# pH issues



## PTCrow (Apr 25, 2005)

While I'm picking everyone's brain-- I also have a low pH problem. As of yesterday it was 6.4. Normally it was approx. 7.5, which I understand is still low for happy cichlids. How critical is this? And what can I do to raise the pH, without just dumping chemicals in the water?

One last question, I read in another section of this site that you can have too muich aeration in a tank. How much is too much, and how is this bad? I don't want to have too much oxygen either. 

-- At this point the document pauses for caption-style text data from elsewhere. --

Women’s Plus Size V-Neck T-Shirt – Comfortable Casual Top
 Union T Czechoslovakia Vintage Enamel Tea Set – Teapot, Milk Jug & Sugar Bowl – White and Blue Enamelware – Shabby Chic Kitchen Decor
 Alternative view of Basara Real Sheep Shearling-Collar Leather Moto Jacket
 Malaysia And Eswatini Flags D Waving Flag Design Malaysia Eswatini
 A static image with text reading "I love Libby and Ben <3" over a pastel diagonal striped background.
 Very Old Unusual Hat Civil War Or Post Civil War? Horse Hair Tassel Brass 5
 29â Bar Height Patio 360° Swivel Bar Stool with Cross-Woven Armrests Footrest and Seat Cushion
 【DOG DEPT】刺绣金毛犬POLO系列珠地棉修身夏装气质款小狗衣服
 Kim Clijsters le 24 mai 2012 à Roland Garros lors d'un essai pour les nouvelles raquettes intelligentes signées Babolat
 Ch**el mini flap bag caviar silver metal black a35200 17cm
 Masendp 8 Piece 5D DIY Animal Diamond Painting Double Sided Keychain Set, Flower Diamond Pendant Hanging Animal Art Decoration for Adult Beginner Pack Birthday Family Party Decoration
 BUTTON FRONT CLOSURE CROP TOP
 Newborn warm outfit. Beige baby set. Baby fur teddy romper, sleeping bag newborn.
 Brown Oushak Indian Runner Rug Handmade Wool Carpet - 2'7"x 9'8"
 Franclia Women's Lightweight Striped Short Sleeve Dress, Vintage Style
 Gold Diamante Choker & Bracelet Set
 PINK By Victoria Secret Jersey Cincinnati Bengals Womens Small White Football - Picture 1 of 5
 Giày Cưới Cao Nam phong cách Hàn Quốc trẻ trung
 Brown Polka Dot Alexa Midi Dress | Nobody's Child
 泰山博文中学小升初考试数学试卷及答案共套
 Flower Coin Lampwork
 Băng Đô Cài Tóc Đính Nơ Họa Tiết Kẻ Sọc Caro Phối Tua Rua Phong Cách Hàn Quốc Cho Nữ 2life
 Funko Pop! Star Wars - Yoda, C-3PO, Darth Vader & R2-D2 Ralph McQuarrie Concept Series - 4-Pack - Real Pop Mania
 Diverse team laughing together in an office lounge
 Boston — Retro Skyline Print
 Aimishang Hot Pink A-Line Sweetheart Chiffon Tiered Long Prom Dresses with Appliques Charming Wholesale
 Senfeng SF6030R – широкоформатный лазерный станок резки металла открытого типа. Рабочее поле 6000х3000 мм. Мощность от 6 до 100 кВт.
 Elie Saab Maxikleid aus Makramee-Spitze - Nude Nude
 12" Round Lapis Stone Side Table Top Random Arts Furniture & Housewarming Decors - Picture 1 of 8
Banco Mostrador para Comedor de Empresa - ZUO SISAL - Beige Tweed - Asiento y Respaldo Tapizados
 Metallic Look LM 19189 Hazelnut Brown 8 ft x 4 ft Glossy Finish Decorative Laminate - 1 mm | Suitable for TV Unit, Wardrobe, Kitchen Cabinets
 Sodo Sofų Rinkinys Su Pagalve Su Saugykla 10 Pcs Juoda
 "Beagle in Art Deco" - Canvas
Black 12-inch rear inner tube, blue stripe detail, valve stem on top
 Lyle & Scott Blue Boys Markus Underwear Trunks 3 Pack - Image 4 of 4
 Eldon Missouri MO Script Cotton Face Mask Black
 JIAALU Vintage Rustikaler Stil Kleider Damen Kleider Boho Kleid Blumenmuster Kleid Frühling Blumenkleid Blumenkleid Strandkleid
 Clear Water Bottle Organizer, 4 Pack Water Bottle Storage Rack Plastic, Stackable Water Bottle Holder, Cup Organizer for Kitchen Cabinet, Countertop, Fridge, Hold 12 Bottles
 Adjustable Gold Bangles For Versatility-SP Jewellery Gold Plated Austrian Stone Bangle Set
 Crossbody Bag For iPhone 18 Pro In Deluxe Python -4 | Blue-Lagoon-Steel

All in all, I think the harder I try, the more I'm messing up.


----------



## FISHFACE (Mar 2, 2005)

Don't try so hard.  This is a fun and interesting hobby. :twisted:   If you stress about it you might consider finding another hobby.  No, seriously.  IT AIN'T THAT SERIOUS :fun:  :idea:


----------



## TANKER (Apr 28, 2005)

I'll try the last first, aeration. To much aeration can be bad in that it can cause gas embolisms in your fish due to the absorbtion of the oxigen rich water. As for how much is to much, thats hard to answer. Basically if your water looks a little cloudy from all the tiny air bubbles, you might want to consider choking the airline a bit.
Now the next one, raising PH. The easiest method to raise PH is to simply add crushed coral or shell to your substrate, keep in mind however that this will also raise your KH levels. A good place to start is to test your water at its source(ie tap or ro unit whichever the case may be) and comparing it to that in your tank. If the source is significantly higher in ph than the tank then you may need more frequent water changes. Also if you are using any co2 in the tank this will drastically drop ph levels.


----------



## Osiris (Jan 18, 2005)

I would suggest aquascaping with lace rock, this way you shouldn't have a problem with ph levels only during water changes your going to have problems, your going to need to find a way to raise PH levels during water changes as if you add it directly to the tank your adding low ph to high ph which could really stress your fish out, i would suggest getting a storage container, stock it with some lace rock and have that ready for storing water for water changes. As changing substrate will be alot of work..


----------